Activity:
From the entries below, please output exactly the lines starting at the one containing "Hajimete no Gal" and ending at the one containing "Sofar solar inverter", both included.

Short web captions
● ● ● ●

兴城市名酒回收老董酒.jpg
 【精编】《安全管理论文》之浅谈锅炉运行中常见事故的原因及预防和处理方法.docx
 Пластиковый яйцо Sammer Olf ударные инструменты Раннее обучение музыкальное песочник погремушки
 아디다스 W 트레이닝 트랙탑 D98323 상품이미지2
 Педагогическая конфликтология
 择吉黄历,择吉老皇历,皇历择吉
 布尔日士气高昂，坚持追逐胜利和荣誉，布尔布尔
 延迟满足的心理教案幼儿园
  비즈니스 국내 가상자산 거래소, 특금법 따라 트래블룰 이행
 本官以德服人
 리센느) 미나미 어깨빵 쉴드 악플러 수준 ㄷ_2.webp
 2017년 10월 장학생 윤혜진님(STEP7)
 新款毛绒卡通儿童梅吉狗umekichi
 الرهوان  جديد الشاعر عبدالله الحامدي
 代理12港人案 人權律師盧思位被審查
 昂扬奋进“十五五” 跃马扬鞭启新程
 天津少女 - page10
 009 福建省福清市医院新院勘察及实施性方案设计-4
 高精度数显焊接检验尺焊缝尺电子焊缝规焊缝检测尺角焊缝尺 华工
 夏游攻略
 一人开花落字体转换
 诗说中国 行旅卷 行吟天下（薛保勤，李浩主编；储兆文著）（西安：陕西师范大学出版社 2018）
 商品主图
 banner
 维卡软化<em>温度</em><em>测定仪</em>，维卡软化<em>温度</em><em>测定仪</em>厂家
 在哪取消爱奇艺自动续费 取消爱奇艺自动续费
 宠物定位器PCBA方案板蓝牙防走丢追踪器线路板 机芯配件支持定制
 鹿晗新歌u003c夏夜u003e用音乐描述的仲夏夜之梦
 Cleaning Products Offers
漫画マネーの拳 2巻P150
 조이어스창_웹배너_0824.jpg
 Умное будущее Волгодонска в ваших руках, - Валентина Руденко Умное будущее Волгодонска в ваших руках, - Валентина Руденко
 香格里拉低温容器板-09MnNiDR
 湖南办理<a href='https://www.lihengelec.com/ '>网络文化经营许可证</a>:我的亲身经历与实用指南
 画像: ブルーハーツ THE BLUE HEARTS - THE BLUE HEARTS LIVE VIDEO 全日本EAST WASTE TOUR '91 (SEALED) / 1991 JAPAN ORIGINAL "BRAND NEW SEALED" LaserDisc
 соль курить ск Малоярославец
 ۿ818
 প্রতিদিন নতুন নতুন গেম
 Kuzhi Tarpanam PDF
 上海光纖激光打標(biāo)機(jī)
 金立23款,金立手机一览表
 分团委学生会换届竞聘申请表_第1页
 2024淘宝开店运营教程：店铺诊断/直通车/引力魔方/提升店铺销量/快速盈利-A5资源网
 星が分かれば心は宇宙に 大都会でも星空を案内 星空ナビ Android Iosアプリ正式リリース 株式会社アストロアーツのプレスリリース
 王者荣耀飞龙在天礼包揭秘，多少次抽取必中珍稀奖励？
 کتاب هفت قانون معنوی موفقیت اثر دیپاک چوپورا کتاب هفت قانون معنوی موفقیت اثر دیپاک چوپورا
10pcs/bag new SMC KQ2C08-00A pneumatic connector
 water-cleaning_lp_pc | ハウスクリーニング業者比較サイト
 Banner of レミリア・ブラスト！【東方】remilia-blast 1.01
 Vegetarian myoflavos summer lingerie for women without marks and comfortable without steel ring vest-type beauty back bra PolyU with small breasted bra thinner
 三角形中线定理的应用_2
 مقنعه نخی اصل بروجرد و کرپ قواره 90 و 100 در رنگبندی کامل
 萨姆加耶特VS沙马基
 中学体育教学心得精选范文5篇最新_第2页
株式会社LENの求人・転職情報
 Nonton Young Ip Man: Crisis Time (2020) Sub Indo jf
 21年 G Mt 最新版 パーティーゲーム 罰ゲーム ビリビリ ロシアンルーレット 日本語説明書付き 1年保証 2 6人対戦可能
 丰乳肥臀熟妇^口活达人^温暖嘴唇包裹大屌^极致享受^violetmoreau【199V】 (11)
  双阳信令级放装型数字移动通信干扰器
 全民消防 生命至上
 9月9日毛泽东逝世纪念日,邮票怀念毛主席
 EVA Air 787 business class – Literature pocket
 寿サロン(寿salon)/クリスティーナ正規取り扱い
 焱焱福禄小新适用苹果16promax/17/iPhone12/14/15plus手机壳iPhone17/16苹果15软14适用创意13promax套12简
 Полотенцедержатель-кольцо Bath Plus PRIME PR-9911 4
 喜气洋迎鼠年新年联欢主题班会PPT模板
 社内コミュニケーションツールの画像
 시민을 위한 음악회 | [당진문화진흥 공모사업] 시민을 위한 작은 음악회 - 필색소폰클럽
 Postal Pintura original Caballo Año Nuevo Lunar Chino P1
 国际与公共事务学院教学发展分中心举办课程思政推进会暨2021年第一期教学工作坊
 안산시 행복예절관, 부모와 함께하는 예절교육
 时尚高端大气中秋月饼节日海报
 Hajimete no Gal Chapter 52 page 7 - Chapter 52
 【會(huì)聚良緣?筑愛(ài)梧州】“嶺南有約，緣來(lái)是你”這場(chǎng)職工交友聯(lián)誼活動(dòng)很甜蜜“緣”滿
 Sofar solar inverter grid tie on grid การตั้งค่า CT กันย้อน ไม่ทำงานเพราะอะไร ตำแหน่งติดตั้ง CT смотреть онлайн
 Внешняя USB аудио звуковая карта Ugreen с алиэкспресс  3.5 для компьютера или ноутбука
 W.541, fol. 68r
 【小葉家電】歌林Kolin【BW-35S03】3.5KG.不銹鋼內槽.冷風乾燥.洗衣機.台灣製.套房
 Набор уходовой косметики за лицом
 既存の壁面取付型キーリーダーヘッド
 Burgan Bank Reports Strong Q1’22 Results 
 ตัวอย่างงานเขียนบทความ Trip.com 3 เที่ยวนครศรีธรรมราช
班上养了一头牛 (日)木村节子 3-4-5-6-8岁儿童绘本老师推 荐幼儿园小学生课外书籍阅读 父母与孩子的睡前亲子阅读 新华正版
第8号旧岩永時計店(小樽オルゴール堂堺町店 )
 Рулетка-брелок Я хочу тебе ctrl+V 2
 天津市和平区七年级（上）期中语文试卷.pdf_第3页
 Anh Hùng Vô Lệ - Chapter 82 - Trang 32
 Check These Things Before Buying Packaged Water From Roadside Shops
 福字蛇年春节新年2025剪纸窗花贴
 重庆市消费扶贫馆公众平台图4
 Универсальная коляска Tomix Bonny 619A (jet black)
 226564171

● ● ● ●

Result:
 Hajimete no Gal Chapter 52 page 7 - Chapter 52
 【會(huì)聚良緣?筑愛(ài)梧州】“嶺南有約，緣來(lái)是你”這場(chǎng)職工交友聯(lián)誼活動(dòng)很甜蜜“緣”滿
 Sofar solar inverter grid tie on grid การตั้งค่า CT กันย้อน ไม่ทำงานเพราะอะไร ตำแหน่งติดตั้ง CT смотреть онлайн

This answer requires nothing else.